TASK →
Pictures excluded, output the lines of the data below between the one holding "Photo 3 of Unit" and the one holding "2022 Toyota RAV4 XLE", inclusive, exactly as they stand.

#### ENTRIES SUPPLIED ####

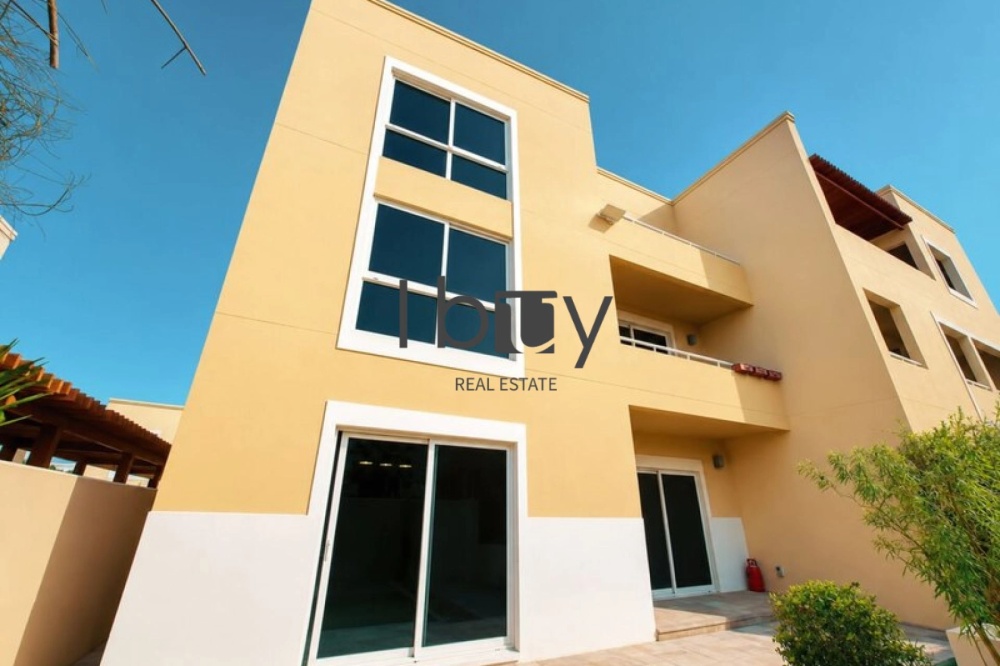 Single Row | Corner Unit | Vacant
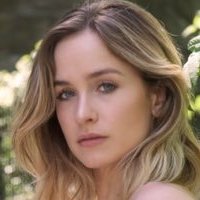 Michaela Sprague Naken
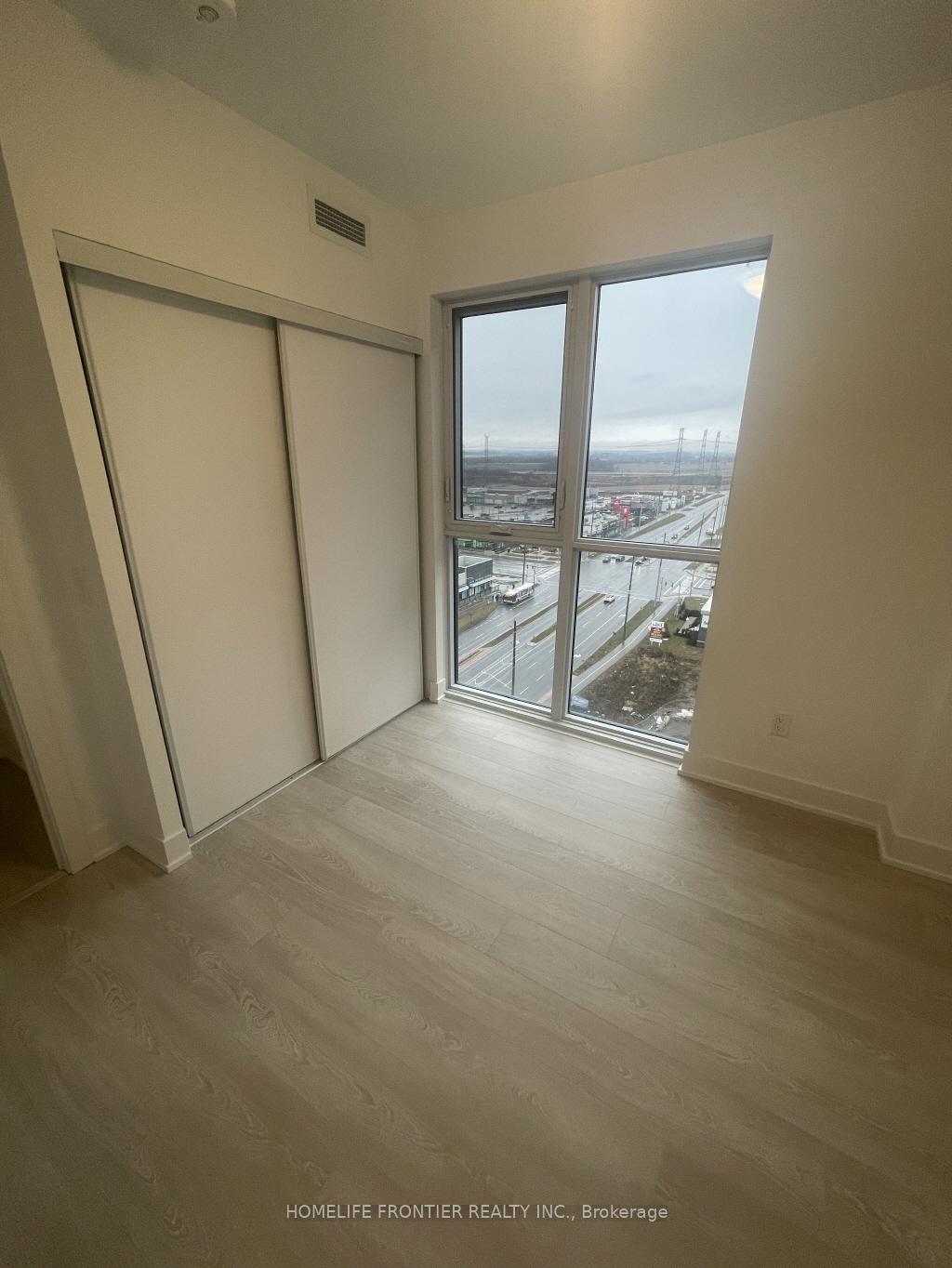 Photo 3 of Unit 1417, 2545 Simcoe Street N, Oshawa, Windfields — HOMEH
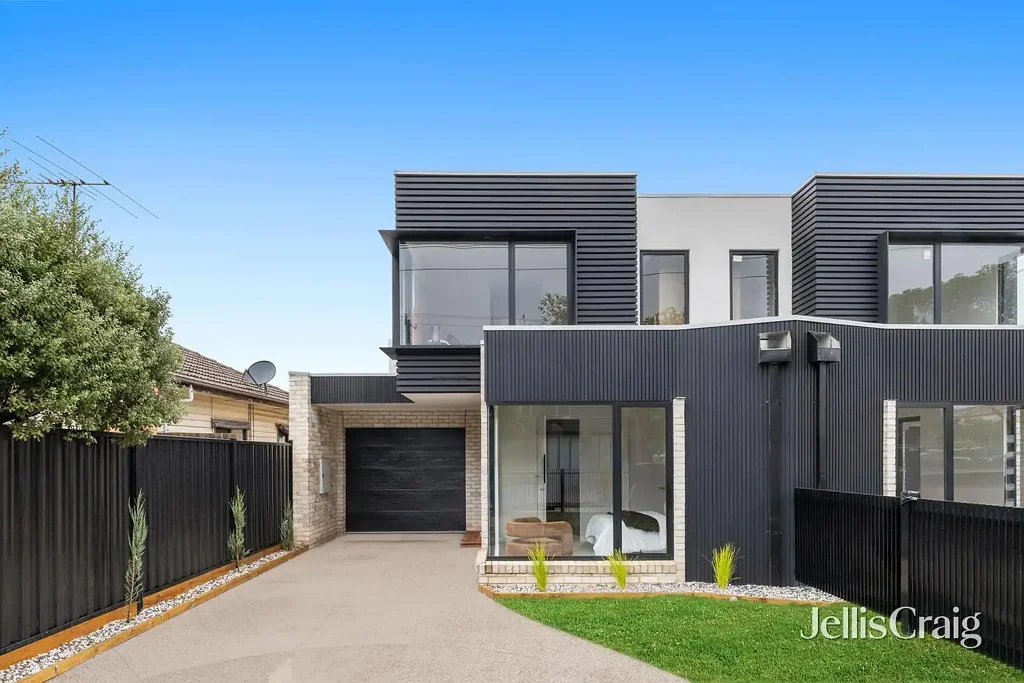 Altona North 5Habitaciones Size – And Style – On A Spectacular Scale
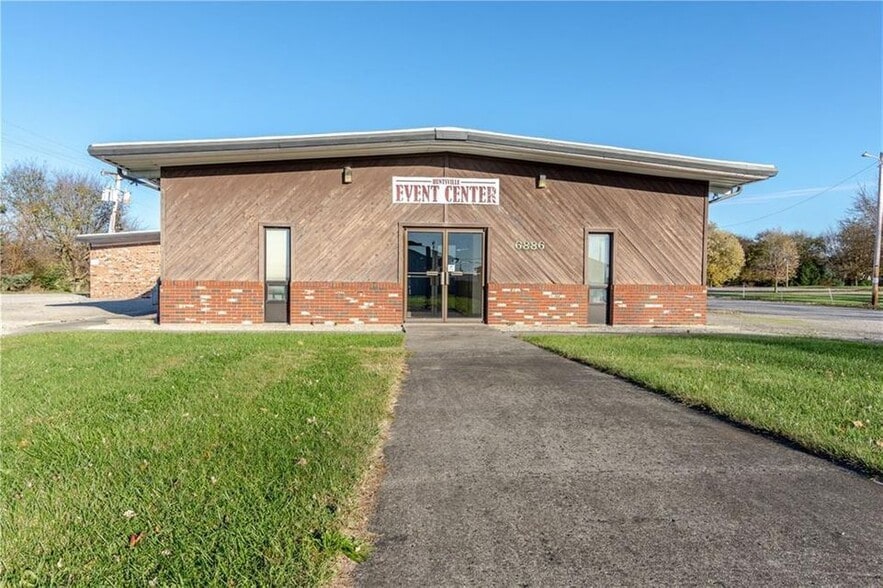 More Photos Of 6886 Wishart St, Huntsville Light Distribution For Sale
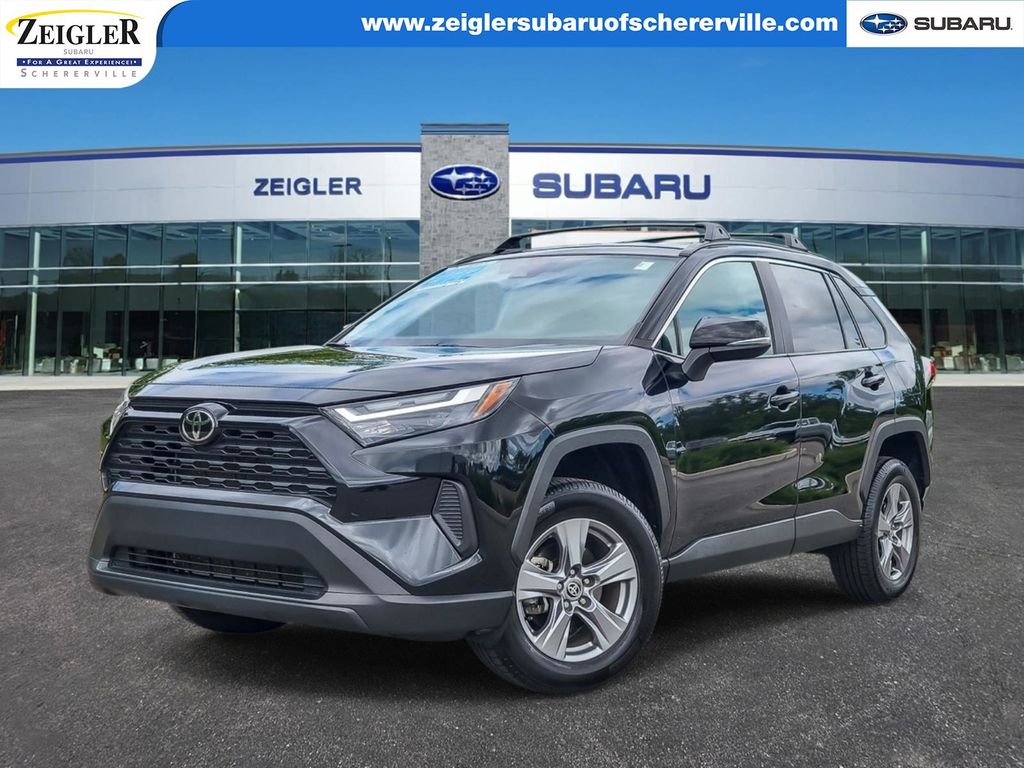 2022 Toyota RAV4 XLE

####
#### ENTRIES SUPPLIED ####

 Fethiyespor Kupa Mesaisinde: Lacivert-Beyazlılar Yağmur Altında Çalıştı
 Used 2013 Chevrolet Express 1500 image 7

####
#### ENTRIES SUPPLIED ####

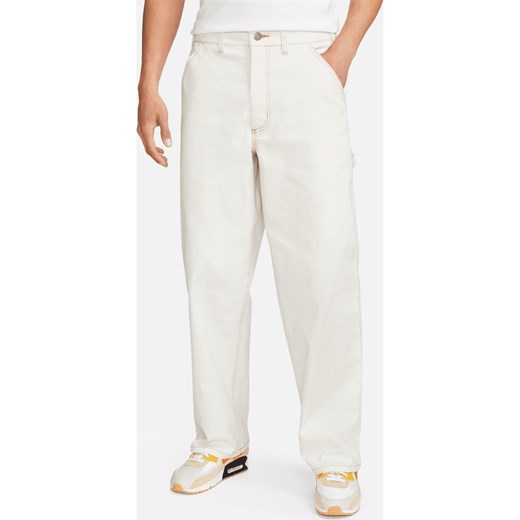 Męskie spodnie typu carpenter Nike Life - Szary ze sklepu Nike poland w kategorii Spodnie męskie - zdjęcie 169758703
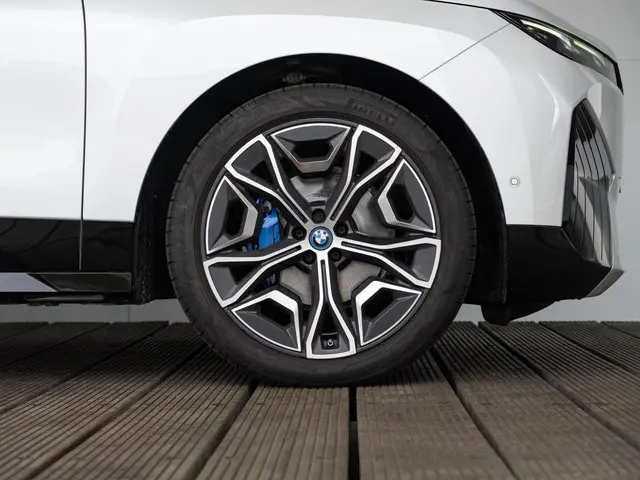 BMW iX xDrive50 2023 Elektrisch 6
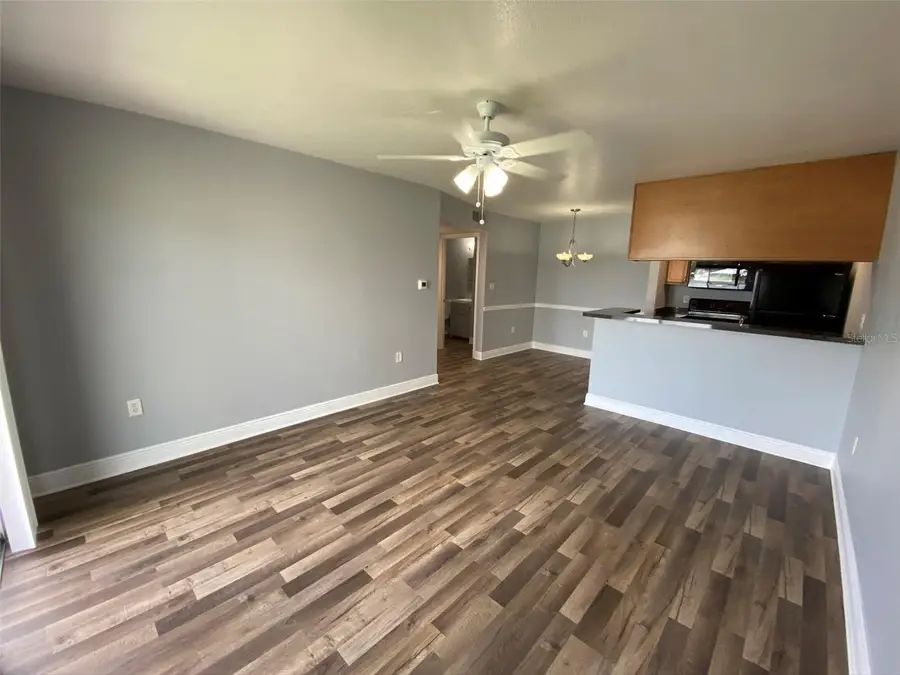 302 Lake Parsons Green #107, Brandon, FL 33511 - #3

####

PROBLEM SOLUTION →
 Photo 3 of Unit 1417, 2545 Simcoe Street N, Oshawa, Windfields — HOMEH
 Altona North 5Habitaciones Size – And Style – On A Spectacular Scale
 More Photos Of 6886 Wishart St, Huntsville Light Distribution For Sale
 2022 Toyota RAV4 XLE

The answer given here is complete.